29.3.2 Revision Metadata-Enrichment

Revision Metadata-Enrichment annotiert Deployment-Versionen mit Business-Context:

metadata:
  annotations:
    deployment.kubernetes.io/change-cause: "Release v1.2.3 - Security patch for CVE-2023-1234"
    app.company.com/jira-ticket: "PROJ-1234"
    app.company.com/release-notes: "https://wiki.company.com/releases/v1.2.3"
    app.company.com/tested-by: "qa-team@company.com"
    app.company.com/approved-by: "tech-lead@company.com"
    app.company.com/rollback-safe: "true"
    app.company.com/database-migration: "none"
    app.company.com/breaking-changes: "false"
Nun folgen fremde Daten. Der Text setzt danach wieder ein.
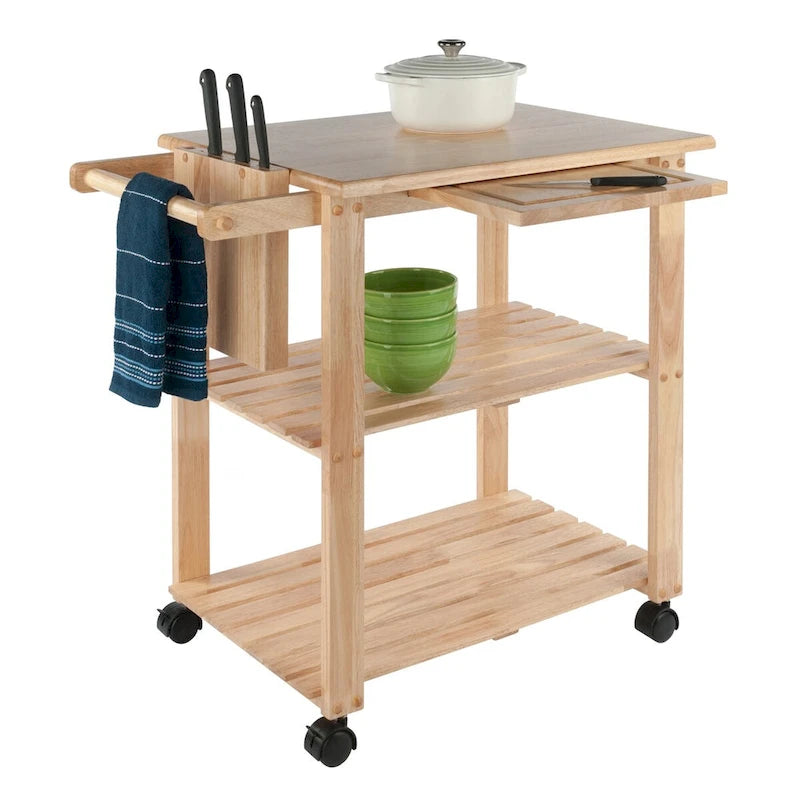 Mario Utility Kitchen Cart, Natural - 33.19 x 20.47 x 31.93 inches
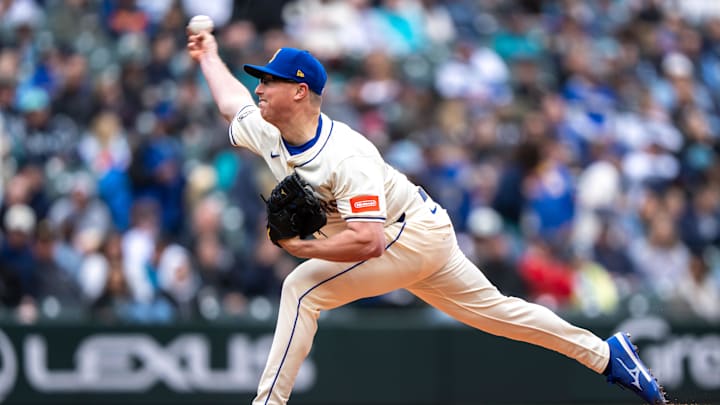 Seattle Mariners reliever Trent Thornton (46) delivers a pitch against the Miami Marlins at T-Mobile Park on April 27.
29.3.3 Revision-Diff-Analysis

Revision-Diff-Analysis für detaillierte Vergleiche zwischen Deployment-Versionen:

# Unterschiede zwischen Revisionen anzeigen
oc rollout history deployment/webapp --revision=2 > revision-2.yaml
oc rollout history deployment/webapp --revision=3 > revision-3.yaml
diff revision-2.yaml revision-3.yaml

# Strukturierter Diff mit jq
oc get deployment webapp -o json --export > current-deployment.json
oc rollout history deployment/webapp --revision=2 -o json > previous-deployment.json

# Image-Änderungen extrahieren
jq -r '.spec.template.spec.containers[].image' current-deployment.json
jq -r '.spec.template.spec.containers[].image' previous-deployment.json

# Konfigurationsänderungen analysieren
jq --slurpfile prev previous-deployment.json \
   --slurpfile curr current-deployment.json \
   -n '$curr[0] as $c | $prev[0] as $p | 
      {
        "image_changes": ($c.spec.template.spec.containers[0].image != $p.spec.template.spec.containers[0].image),
        "replica_changes": ($c.spec.replicas != $p.spec.replicas),
        "env_changes": ($c.spec.template.spec.containers[0].env != $p.spec.template.spec.containers[0].env)
      }'

29.4 Database und State-Management bei Rollbacks

Database-Integration ist einer der komplexesten Aspekte bei Rollbacks, da Anwendungs-Rollbacks und Database-Schema-Changes koordiniert werden müssen.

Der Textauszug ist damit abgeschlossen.